Le périple commence à Colombo, la capitale de l'île de Sri Lanka. Sur des images contemporaines de la ville avec pour toile de fond l'Océan Indien reflétant le ciel, la voix du narrateur nous transporte trente ans auparavant, une nuit terrible de juillet 1983 où la ville s'est embrasée de toutes parts. Du conflit larvé entre Cinghalais et Tamouls surgit une guerre civile. Jude Ratnam évoque le nœud originel du conflit : « tel un démon, l'héritage colonial hantait le pays. » Les britanniques, en bons conquérants, optant pour la funeste maxime « diviser pour mieux régner », favorisèrent la langue indo-européenne des Cinghalais au détriment de la minorité tamoule sur l'île autrefois appelée Ceylan.

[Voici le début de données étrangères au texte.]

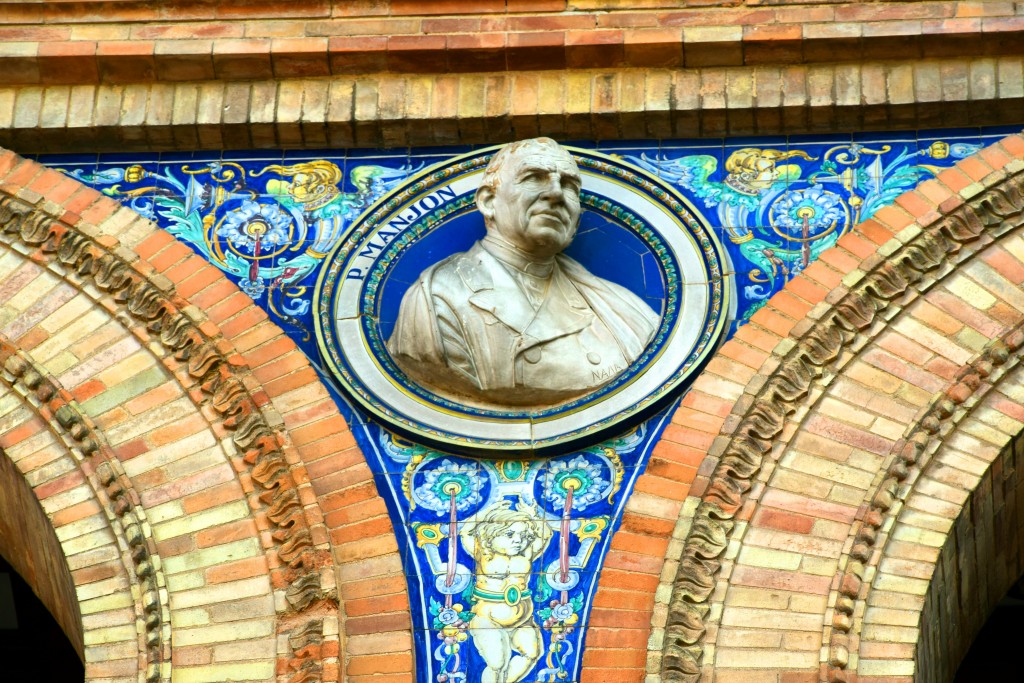 Foto: P. Manjón su busto representado en la Plaza de España sevillana - Sevilla (Andalucía), España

C'est dans ce déséquilibre que l'indépendance du Sri Lanka s'effectua (comme dans bien d'autres anciennes colonies qui s'enflammèrent) ; une autre maxime pourrait d'ailleurs s'appliquer à toutes les contrées délaissées par les empires occidentaux, « Après nous, le déluge. » Ainsi, dès les années cinquante puis a fortiori en 1972 lors de la proclamation de la République démocratique socialiste du Sri Lanka, la langue tamoule, de nature dravidienne, fut reléguée dans les marges de l'histoire et tous signes extérieurs d'appartenance à cette communauté devinrent dangereux pour qui les revêtait. Face à cette mise au ban, le peuple tamoul tenta de se faire entendre par tous les moyens. Élan vital légitime à priori mais qui aboutit à à un long cycle de terreur. Guerre injuste comme toutes guerres ; guerre barbare où dans un premier temps, l’État détient le monopole légitime de la violence selon l'hypothèse hobbesienne du sociologue allemand Max Weber dans Le savant et le politique. Avant de laisser les intéressés s’entre-tuer d'eux-mêmes.

Il n'est pas anodin dans la stratégie de pouvoir mise en place par les britanniques alors qu'ils quittent le navire que ce soit la langue tamoule qui ait été reléguée. Il s'agit d'une des plus anciennes langues au monde, la deuxième langue classique de l'Inde et elle a véhiculé mythes, légendes, pensée, système, grammaire, poésie, culture. Pendant des siècles, cette culture s'est quelque peu étouffée, au fil des conquêtes. Or, aux XVIIe et XIXe siècles, en plein revival des civilisations anciennes, tandis qu'en Europe le présent ennuie et que la mode passe de l’Égyptologie au préraphaélisme, sur l'île de Ceylan, on se passionne de nouveau pour la culture tamoule. Cette réminiscence identitaire est encore bien active lorsque l'Empire britannique plante son drapeau mais cela ne semble guère intéresser sa Majesté. De là à penser que les occidentaux savent compter mais non pas écouter, il n'y a qu'un pas, assez simple à franchir, en matière d'analyse géopolitique. Par la suite et comme pour chaque processus de décolonisation, de même que plus récemment pour chaque guerre déclenchée au nom de la démocratie, l’œil était dans la tombe et regardait Caïn...

« Les livres ont été brûlé... ils ne servaient à rien... ça ne les intéressait pas. »




Deux ans avant les violences du juillet noir de 1983 relatés par les témoins du film, et quelques années après l'assassinat du maire de Jaffna par les tigres tamouls, les Cinghalais ont brûlé entièrement la bibliothèque de Jaffna, une des plus grandes et anciennes de l'Asie et de l'Inde.


Œil pour œil, selon la loi tranchante du talion : logique, pourtant aveugle, de la violence.